> _Problem description_:
Only the lines from the one containing "Reverb, King Bed, with View, High Floor" through the end of the entries should be returned, exactly as they are, with the pictures omitted.

> _Input for this task_:
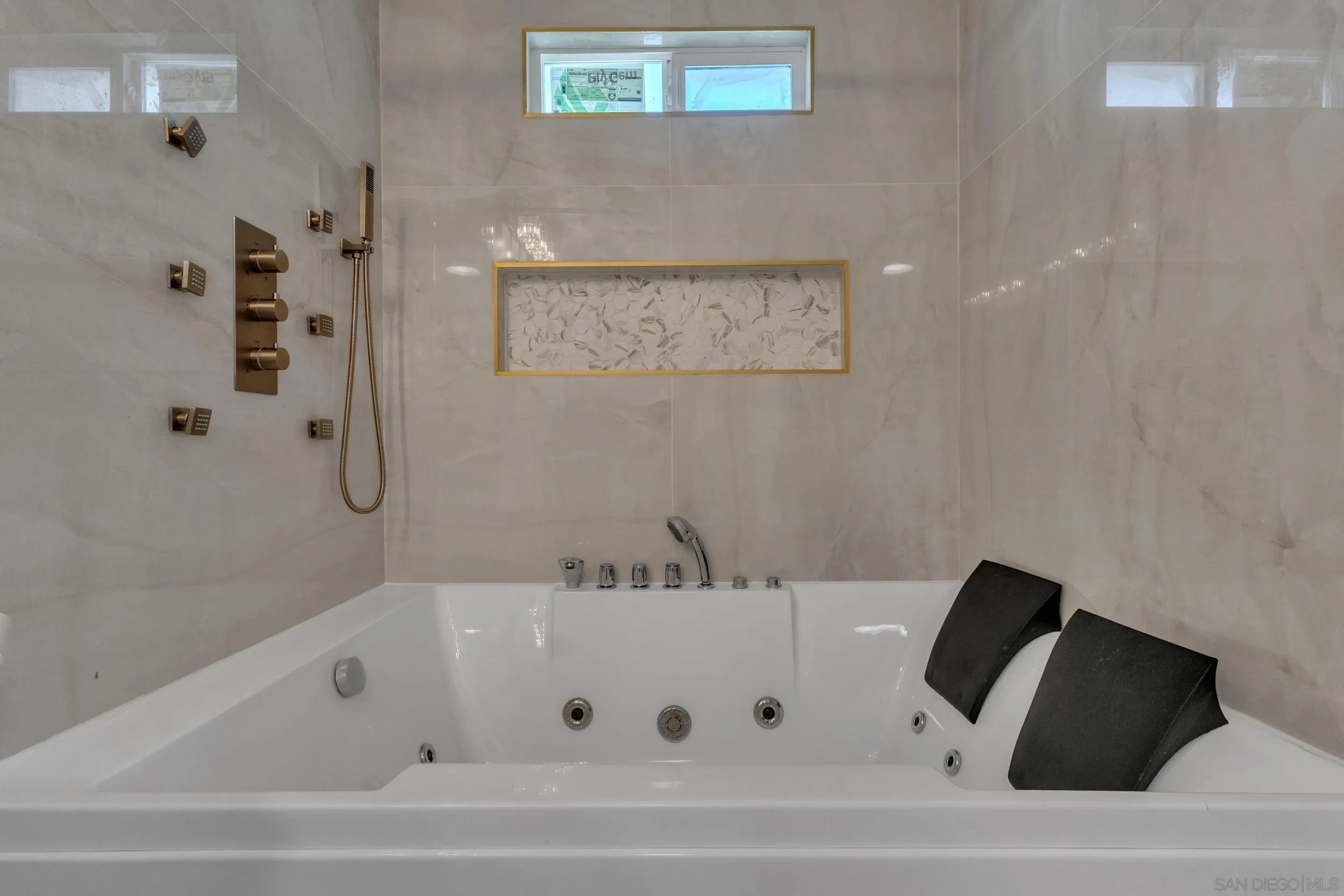 https://cdn.realtyfeed.com/cdn/127/260019337/fa2e47e3bf404e3b88b6bef4c285e4c4.webp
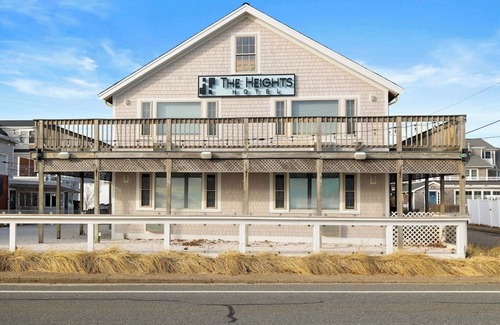 Falmouth Heights Apartment | Ocean View 1 Queen Bed Room with Vibrant Vibe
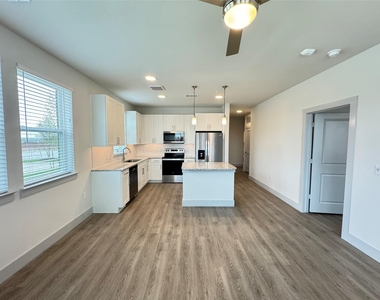 29600 Ronald Reagan Blvd - Photo Thumbnail 1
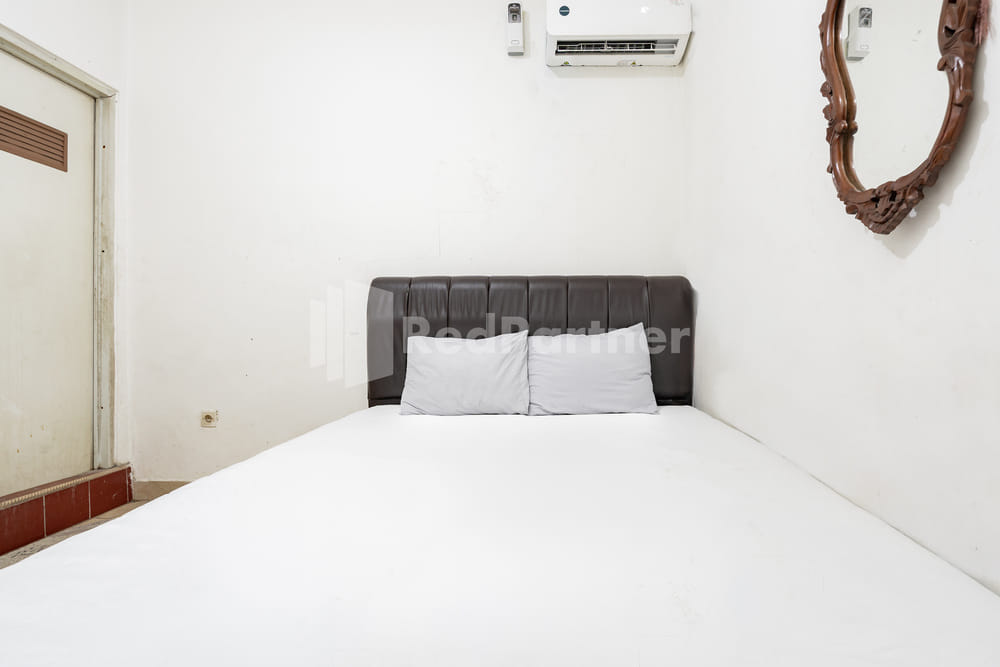 SALE Room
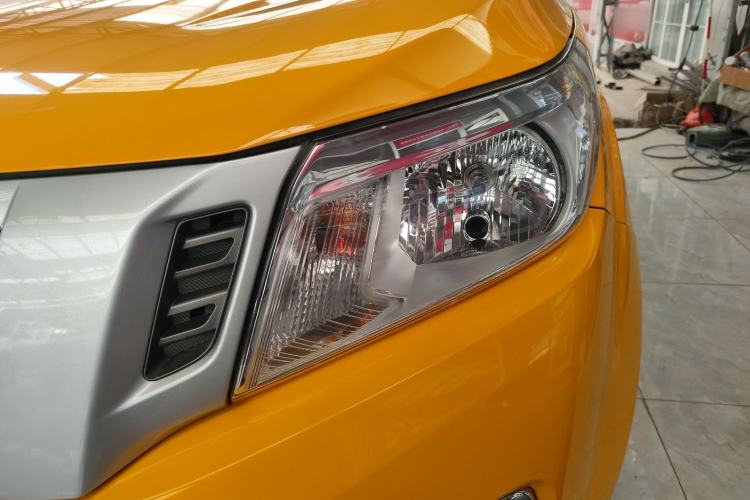 Used Nissan Navara 2021 2.5L Facelift Manual Transmission 4x4 Comfort Version QR25 Left Front Headlight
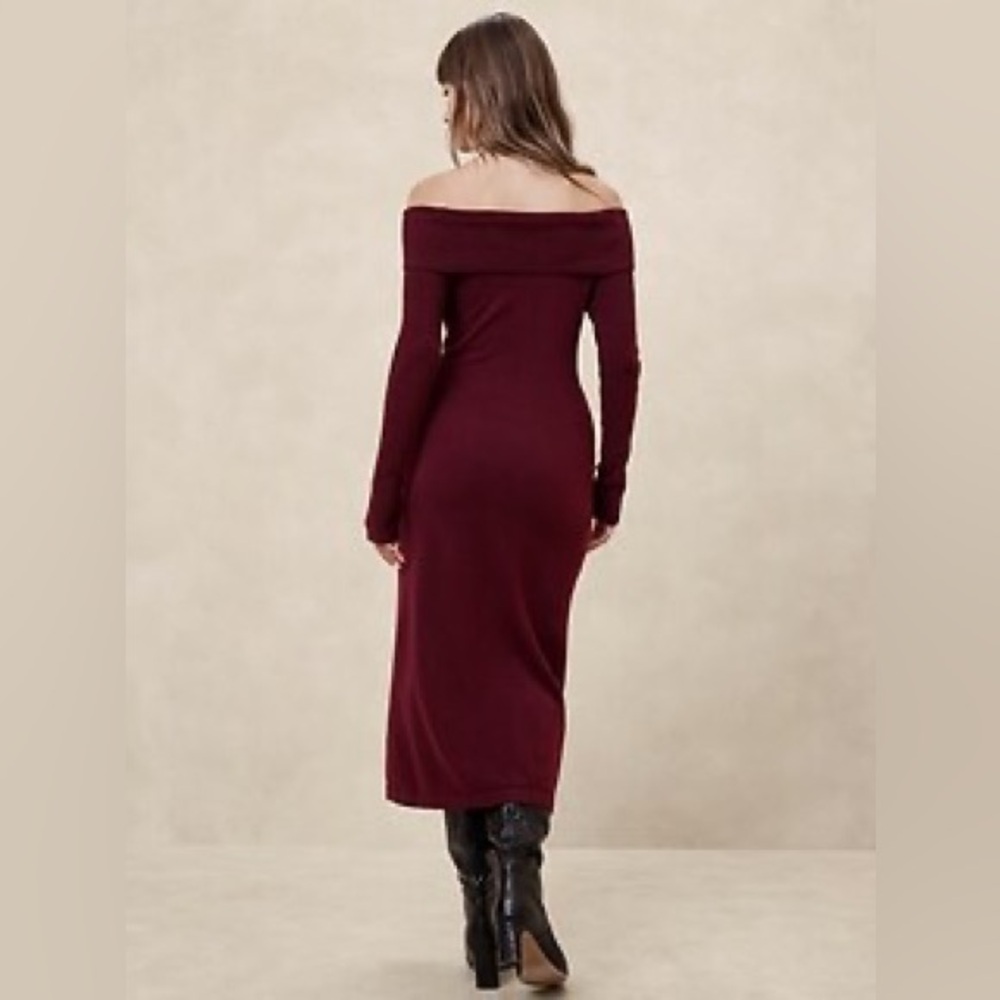 BANANA REPUBLIC OFF-SHOULDER MIDI SWEATER DRESS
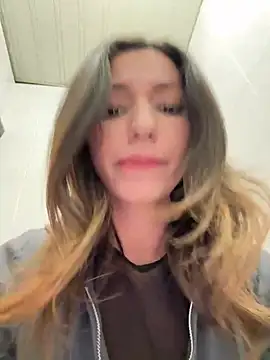  MiaQueen  online show from February 19, 2025, 11:25 pm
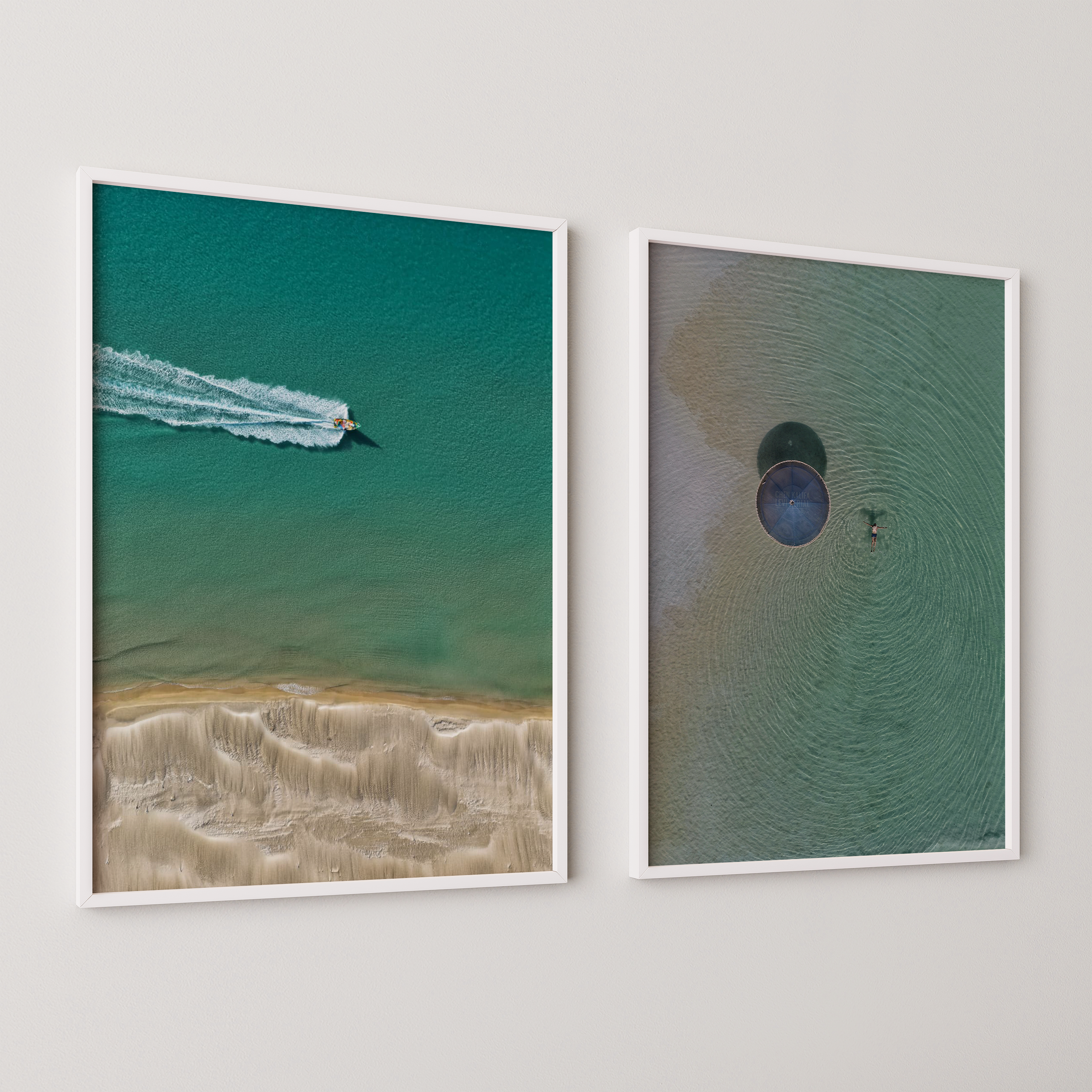 סט צילומי אוויר ממוסגרים – סירת דייגים שטה בים מול מעגן מיכאל וצף עגול בים המלח, צילום של חן כליפה לוי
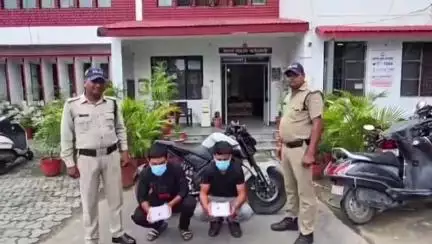 देहरादून: नेहरू कॉलोनी थाना पुलिस ने रविवार को क्षेत्र से गिरफ्तार 2 अभियुक्तों को कोर्ट में पेश किया, भेजा जेल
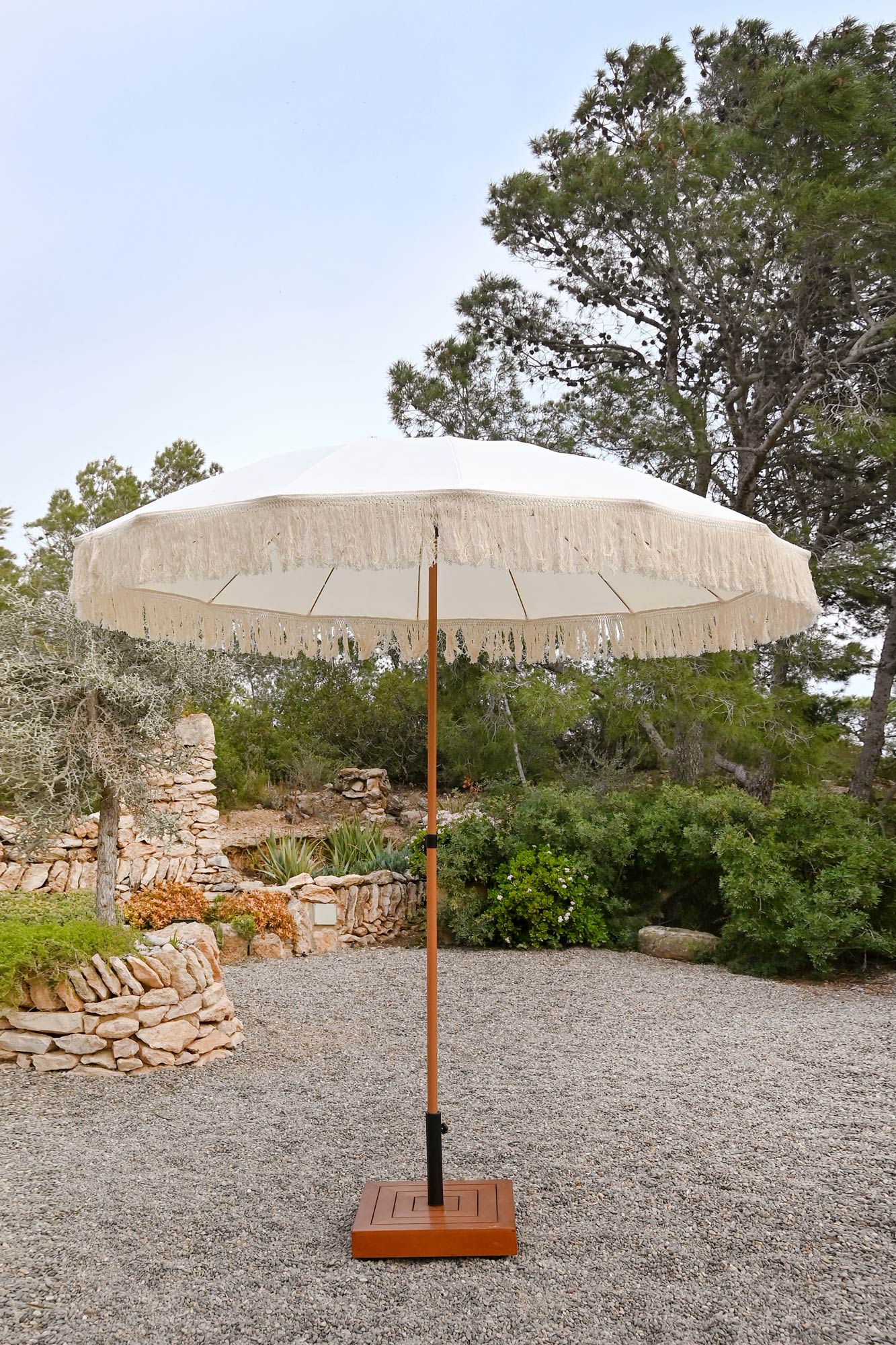 parasol-jardin-bohemio-beige-flecos-2-2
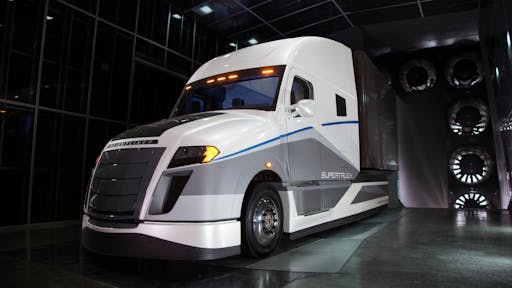 DTNA's first SuperTruck demonstration vehicle which achieved over a 115% freight efficiency improvement.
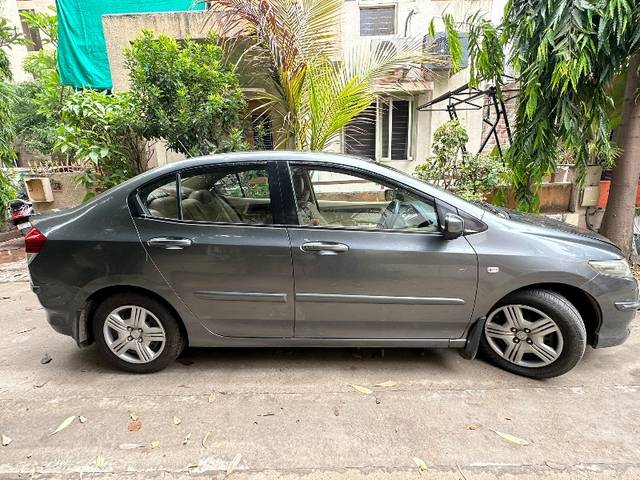 https://images10.gaadi.com/usedgaadi-sellcar/UsedCar/f56e5007a/94a57b5c-99b7-4e9a-b5f7-0b212cda120e.jpeg?imwidth=6400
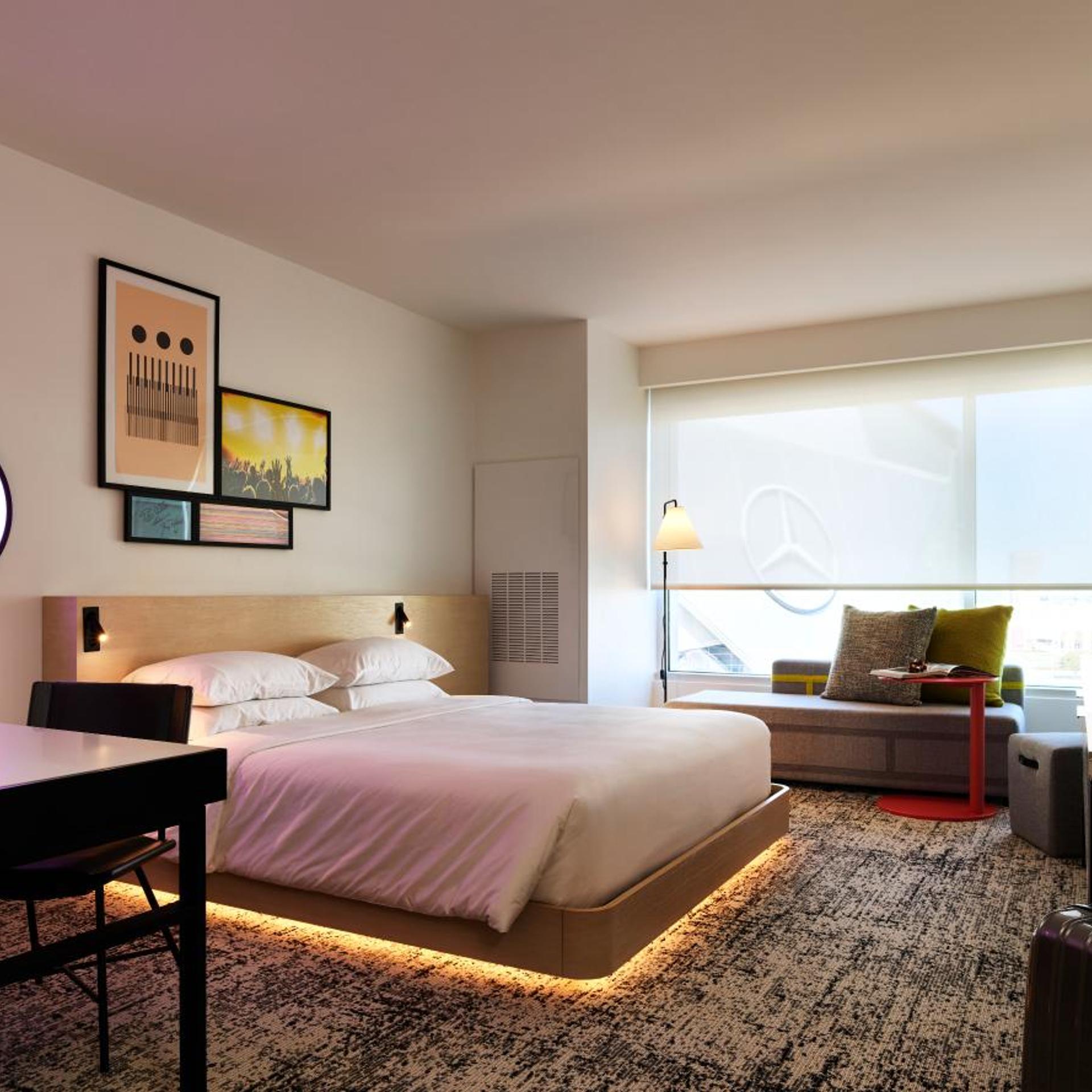 Reverb, King Bed, with View, High Floor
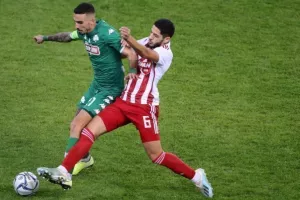 Σε σοβαρή κατάσταση ο Μπενζιά: «Δίνει μάχη για να ξανακουνήσει το χέρι του»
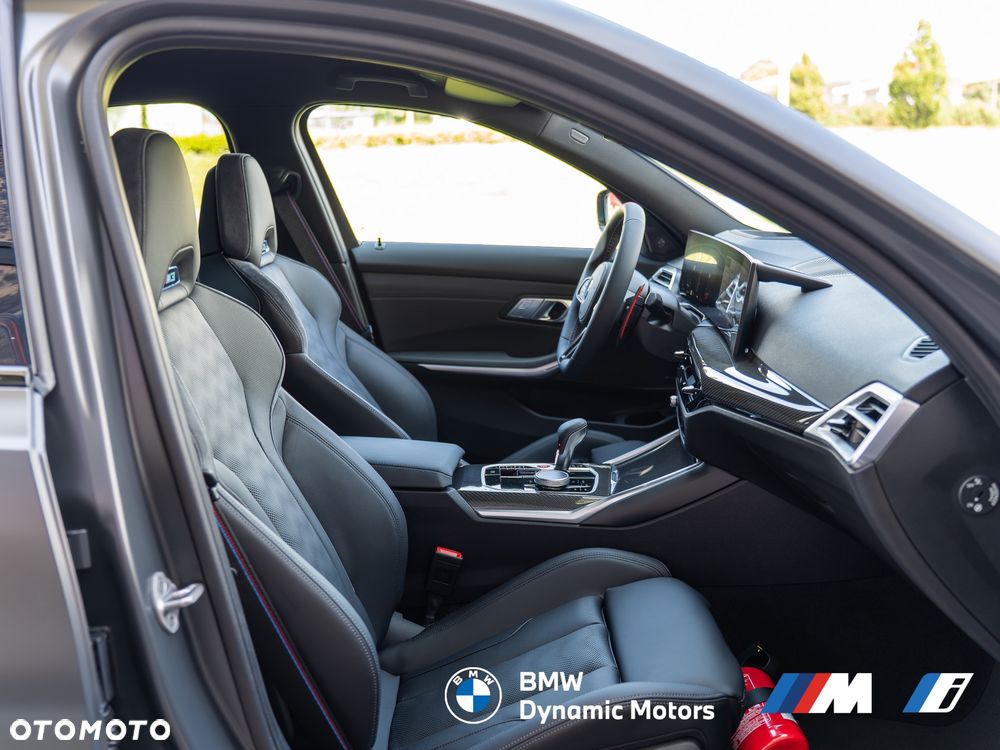 BMW M3 Competition M xDrive - 24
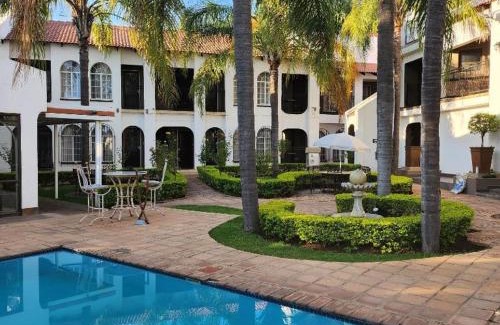 Brits Bed & Breakfast | Casa Grande Guest Lodge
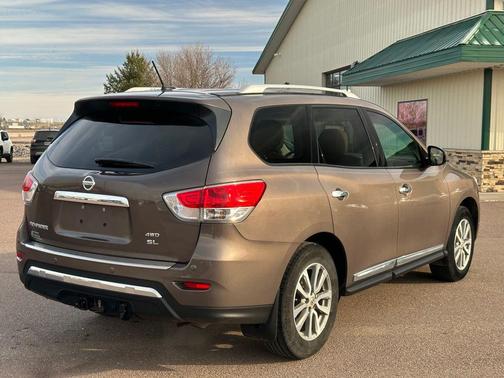 Java Metallic 2015 Nissan Pathfinder SL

> _Solution for this task_:
 Reverb, King Bed, with View, High Floor
 Σε σοβαρή κατάσταση ο Μπενζιά: «Δίνει μάχη για να ξανακουνήσει το χέρι του»
 BMW M3 Competition M xDrive - 24
 Brits Bed & Breakfast | Casa Grande Guest Lodge
 Java Metallic 2015 Nissan Pathfinder SL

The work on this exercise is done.